- Church: Roman Catholic
- Diocese: Diocese of Basel
- Appointed: 23 November 2010
- Installed: 16 January 2011
- Predecessor: Kurt Koch

Orders
- Ordination: 30 May 1999 by Kurt Koch
- Consecration: 16 January 2011 by Kurt Koch

Personal details
- Born: June 7, 1966 (age 59) Lucerne, Switzerland
- Motto: Intellegentes quae sit voluntas Domini
- Coat of arms: Felix Gmür's coat of arms

= Felix Gmür =

Swiss Roman Catholic bishop

Felix Gmür (born 7 June 1966) is a Swiss Roman Catholic bishop. He is the bishop of Basel since his installation on 16 January 2011. He had previously served as secretary of the Swiss Bishops' Conference.

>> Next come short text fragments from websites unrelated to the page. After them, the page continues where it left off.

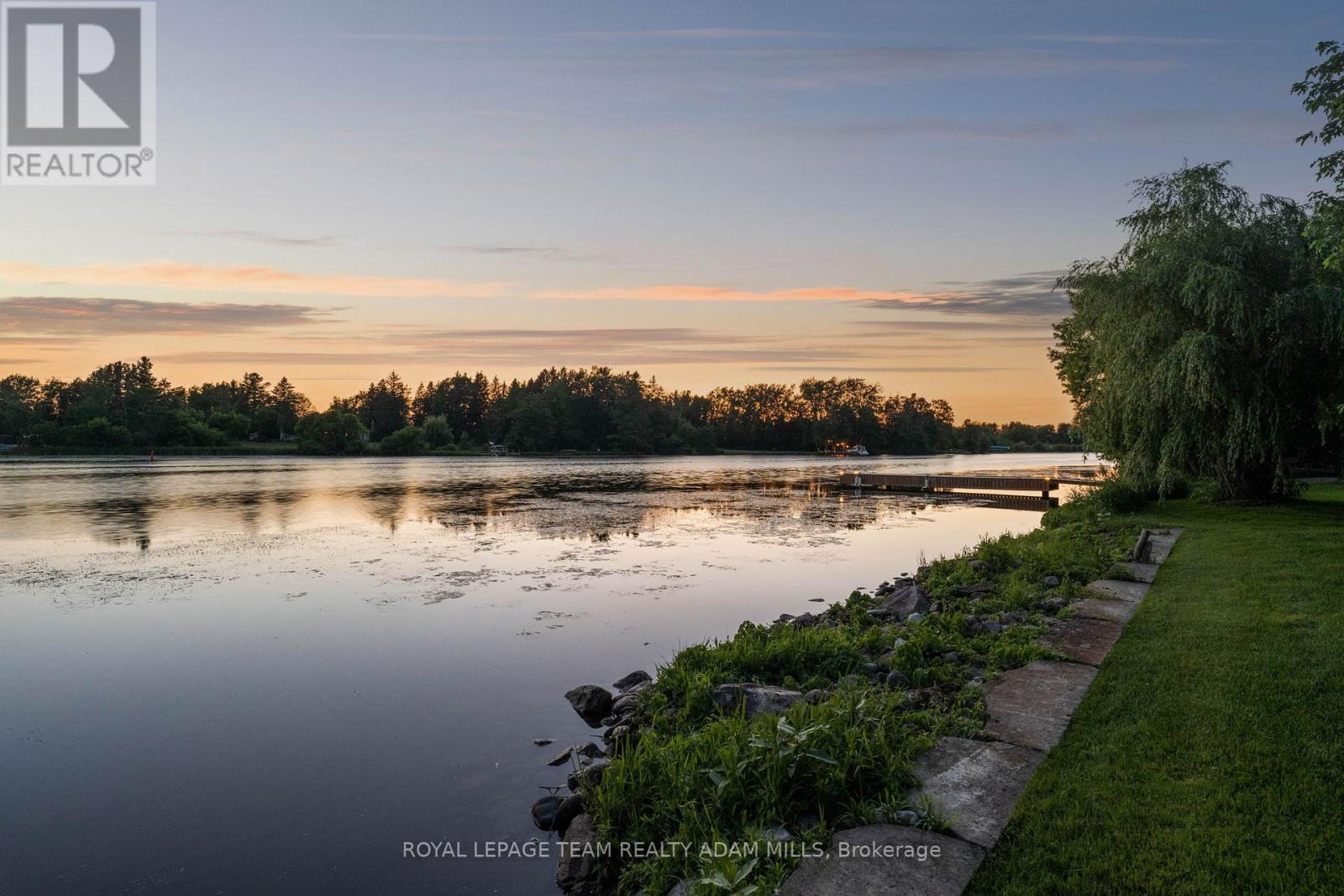Photo 19 of 2330 Summerside Drive, Ottawa ON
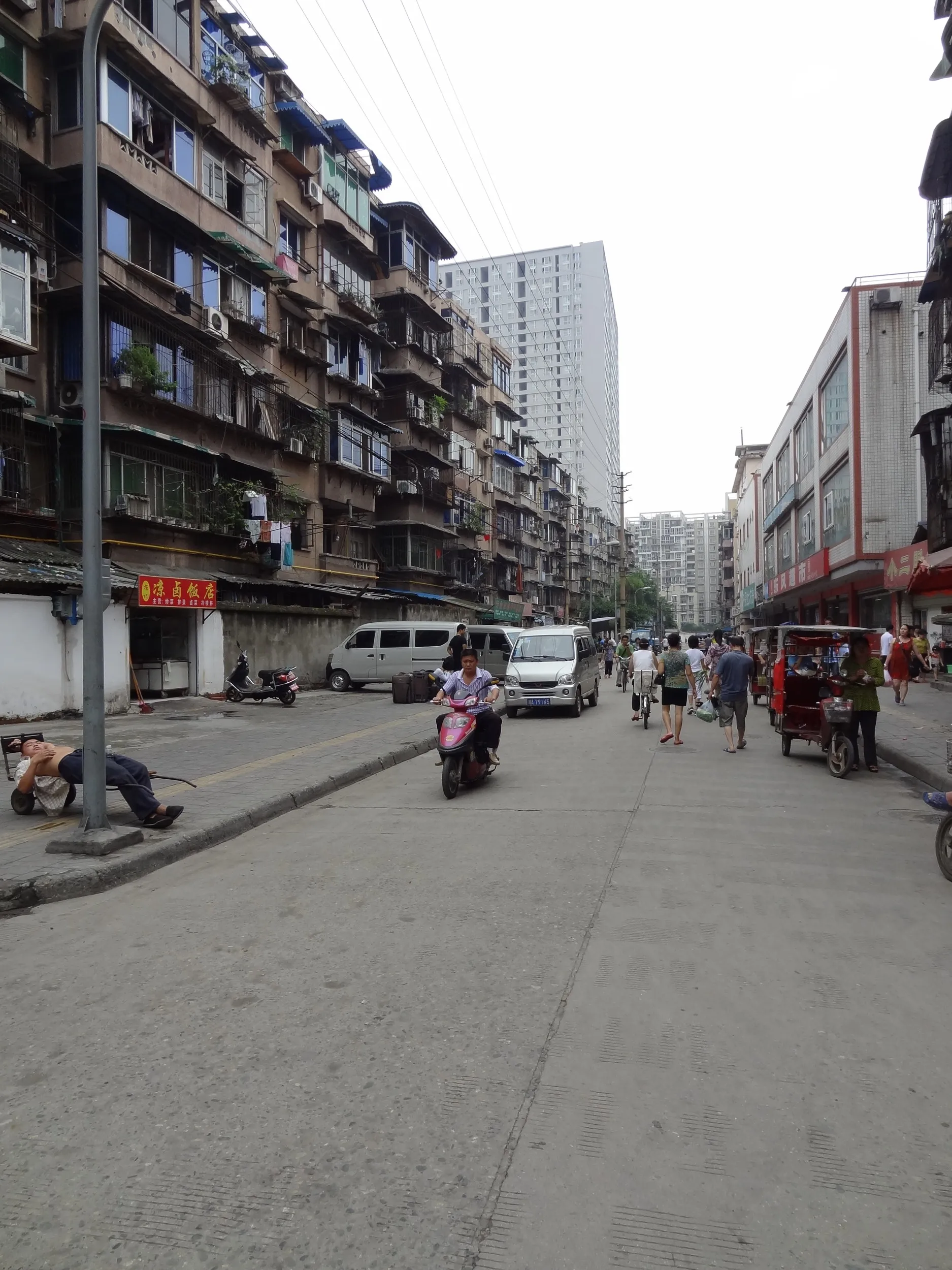 路地とマンション群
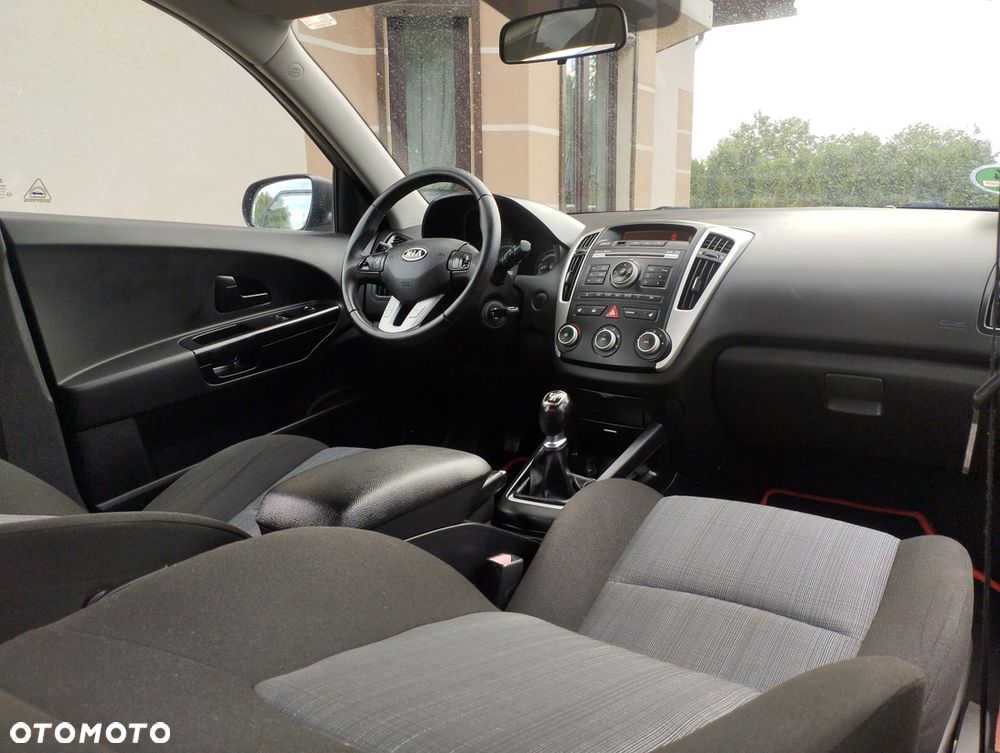 Kia Ceed 1.4 CVVT Spirit - 8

Gmür was born in Lucerne in 1966. From 1986 to 1990 he studied philosophy at the School of Philosophy (of the Jesuits) in Munich and at the Sèvres Centre in Paris and received a licentiate in philosophy. From 1990 to 1994 he studied theology at the Universities of Fribourg and Munich, ending with a degree in theology.

After 1994 he continued his studies of philosophy and exegesis in Munich, also attending courses in art history. In 1997 he obtained his doctorate in philosophy on the aesthetics of Ludwig Wittgenstein. While studying in Munich, he was a student at the supraregional seminary of that city, the Herzogliches Georgianum.

From 1997 to 1999 did the pastoral internship in the diocese of Basel, working first as a pastoral assistant and later as a deacon in the parish of S. Antonio in Basel. He was ordained a priest on 30 May 1999 in Lucerne for the diocese of Basel. From 1999 to 2001 and was then vicar of the parish of St. Antonio in Basel. From 2001 to 2004 he studied at the Pontifical Gregorian University as a student at the Pontifical Teutonic Institute of Santa Maria dell'Anima. From 2004 to 2006 he was Vice-Rector of the Major Seminary in Basel to Lucerne, while working in parishes and Menzingen Neuheim. From 2006 until 2010 he served as secretary of the Swiss Bishops' Conference.

Gmür was elected by an 18-head advisory council of the cantonal bishopric on 8 September and his nomination was submitted for approval to the pope. Gmür was appointed by Pope Benedict XVI on 23 November 2010. Gmür was consecrated and installed on 16 January 2011, in Olten.

In September 2019, Gmür allowed blessings of same-sex unions in the diocese of Basel.

Ahead of the opening of the 2023 synod, Gmür expressed support for the end of mandatory priestly celibacy and for the ordination of women.